Work instruction:
Please copy exactly the line that contains "Medalhas - Ouro - 1856 - Gerard F. ..." and every line after it through the end of the records, leaving the pictures out.

Information supplied:
◇ ◇ ◇

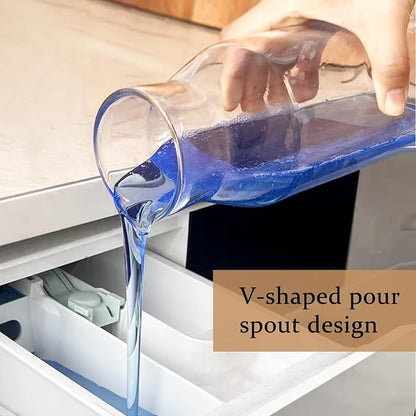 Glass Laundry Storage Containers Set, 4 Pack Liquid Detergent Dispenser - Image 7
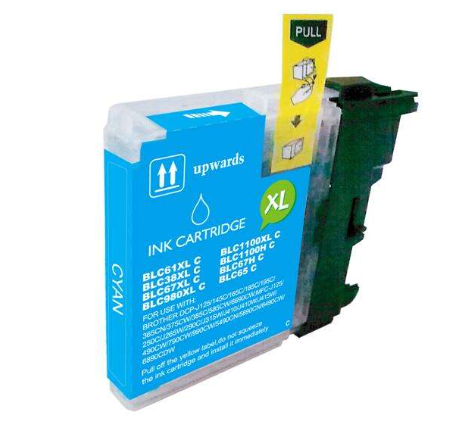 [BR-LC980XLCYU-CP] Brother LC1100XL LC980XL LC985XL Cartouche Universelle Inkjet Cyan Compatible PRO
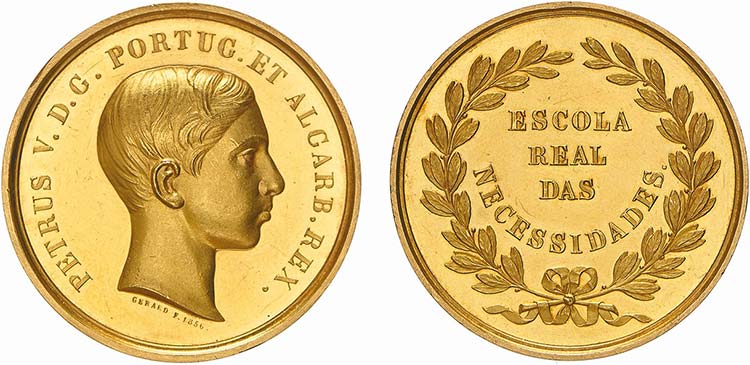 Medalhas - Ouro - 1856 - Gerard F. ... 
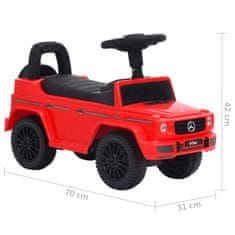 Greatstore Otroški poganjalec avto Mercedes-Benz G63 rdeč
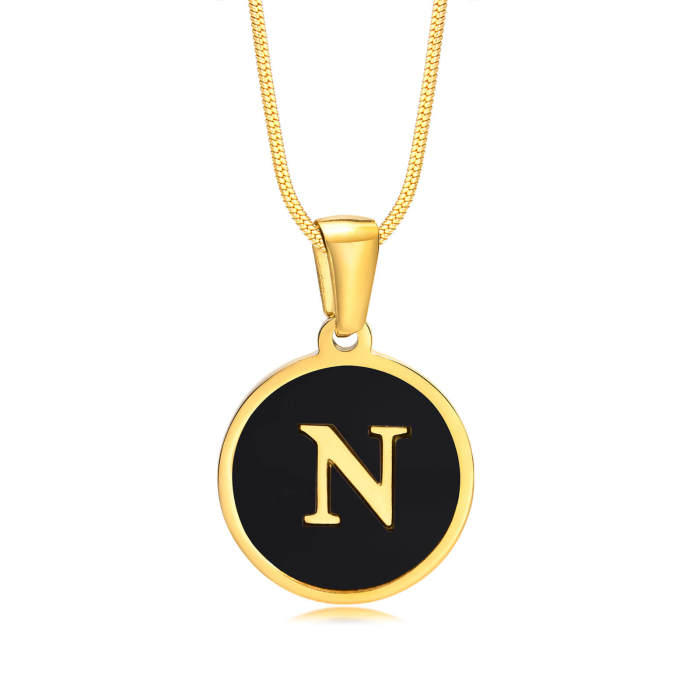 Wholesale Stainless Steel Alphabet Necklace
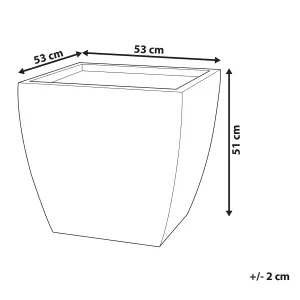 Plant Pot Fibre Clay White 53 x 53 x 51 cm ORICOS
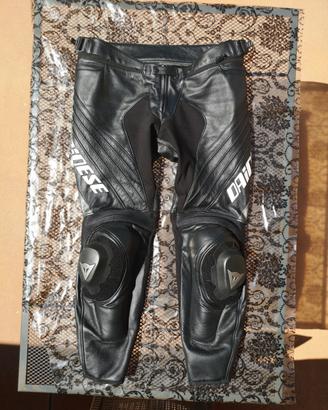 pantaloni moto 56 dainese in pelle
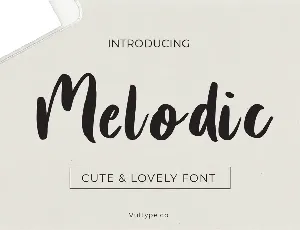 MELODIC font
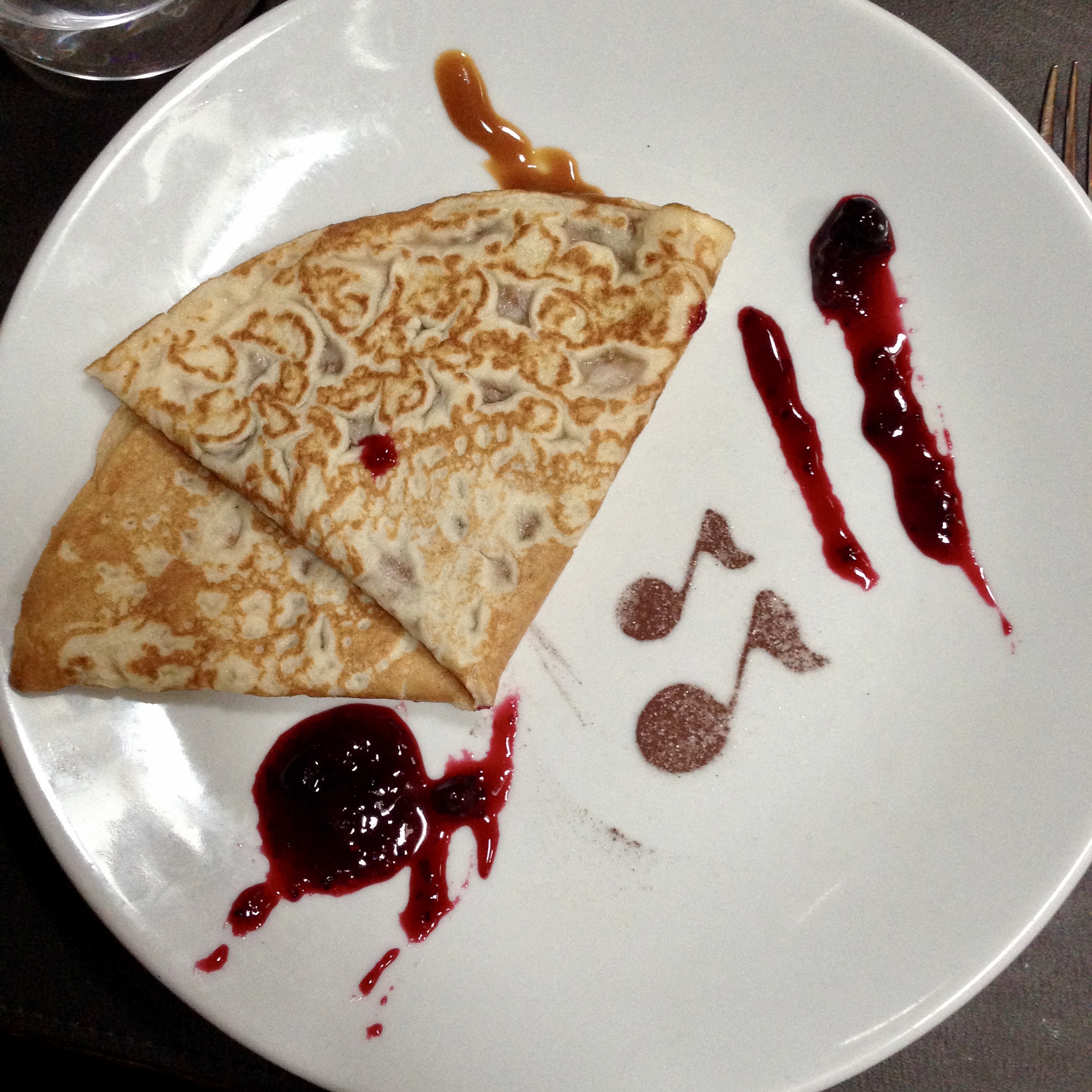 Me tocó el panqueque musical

◇ ◇ ◇

Completed task:
 Medalhas - Ouro - 1856 - Gerard F. ... 
 Greatstore Otroški poganjalec avto Mercedes-Benz G63 rdeč
 Wholesale Stainless Steel Alphabet Necklace
 Plant Pot Fibre Clay White 53 x 53 x 51 cm ORICOS
 pantaloni moto 56 dainese in pelle
 MELODIC font
 Me tocó el panqueque musical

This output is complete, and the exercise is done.